ACTIVITY »
Return the listing below exactly, with the pictures dropped.

GIVEN MATERIAL »

- Opening Delimiter -

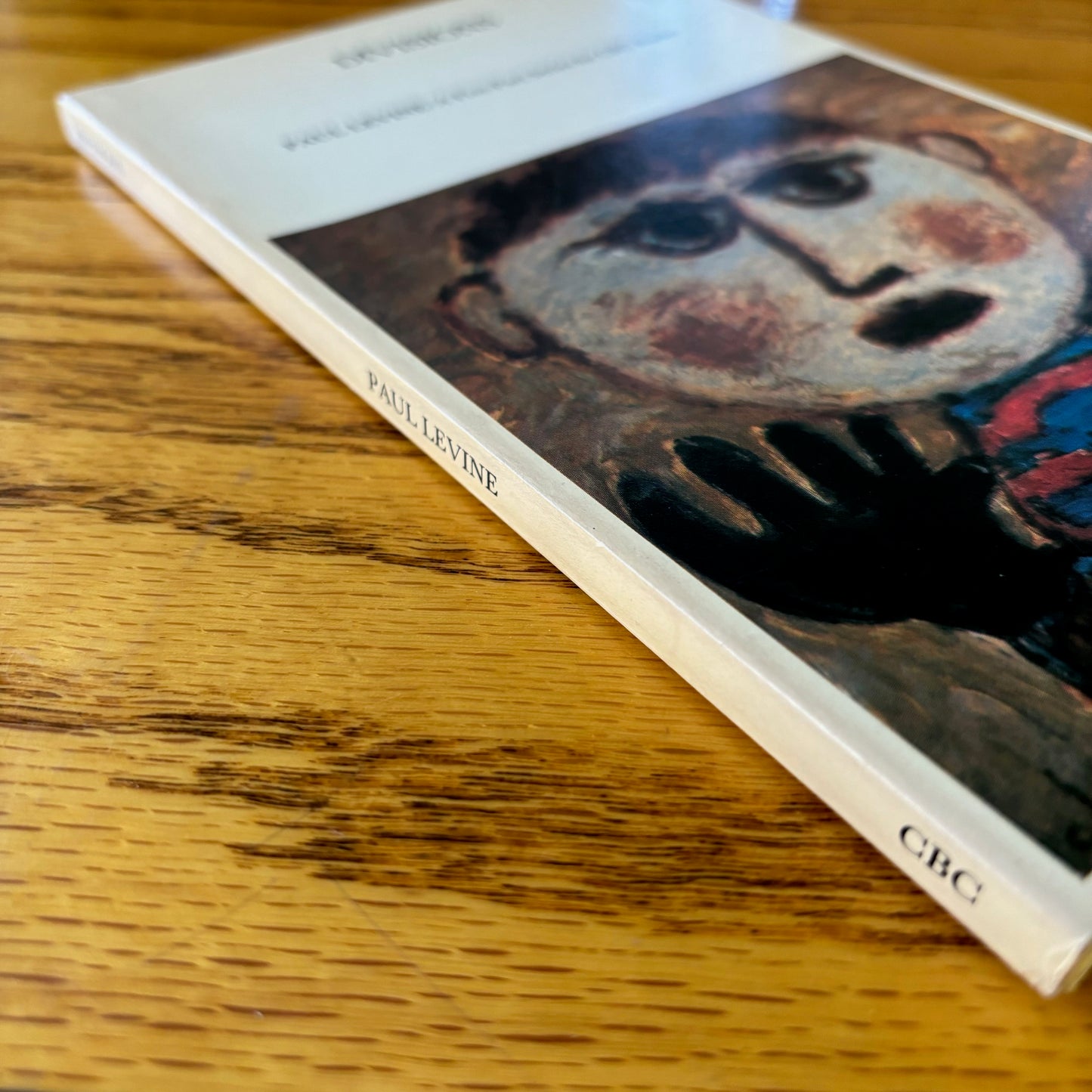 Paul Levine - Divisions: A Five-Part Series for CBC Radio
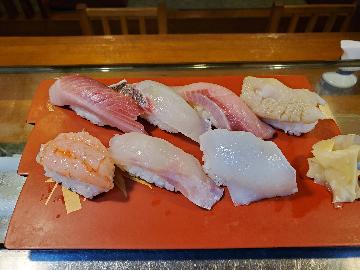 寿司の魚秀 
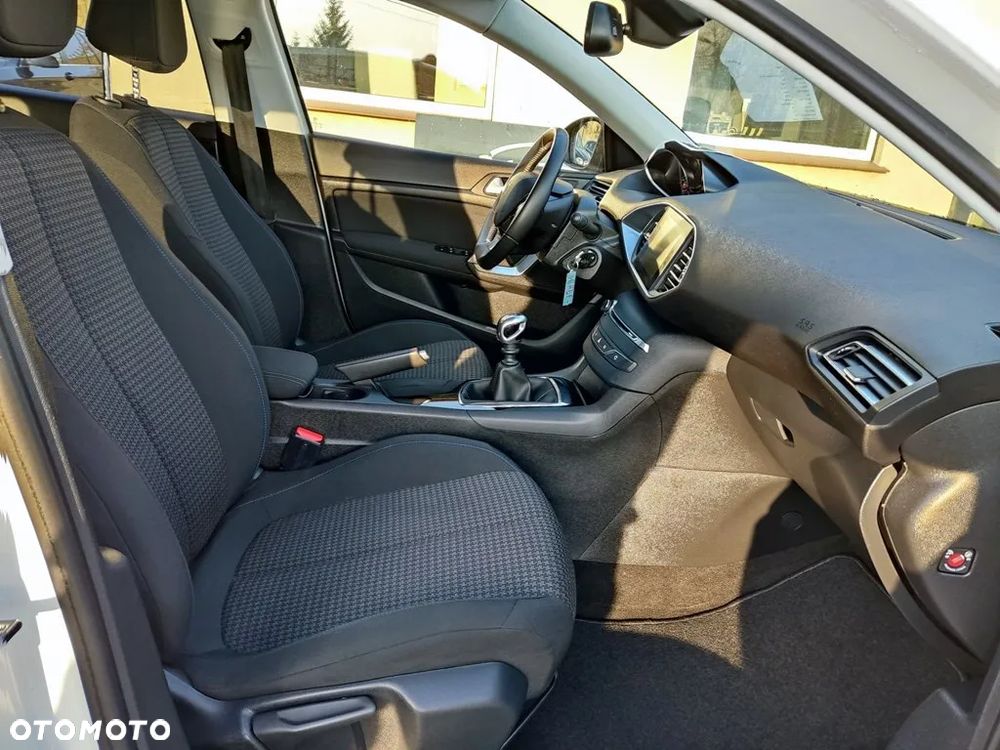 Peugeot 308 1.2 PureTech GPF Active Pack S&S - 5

- Closing Delimiter -

RESULT FOR THIS EXERCISE »
 Paul Levine - Divisions: A Five-Part Series for CBC Radio
 寿司の魚秀 
 Peugeot 308 1.2 PureTech GPF Active Pack S&S - 5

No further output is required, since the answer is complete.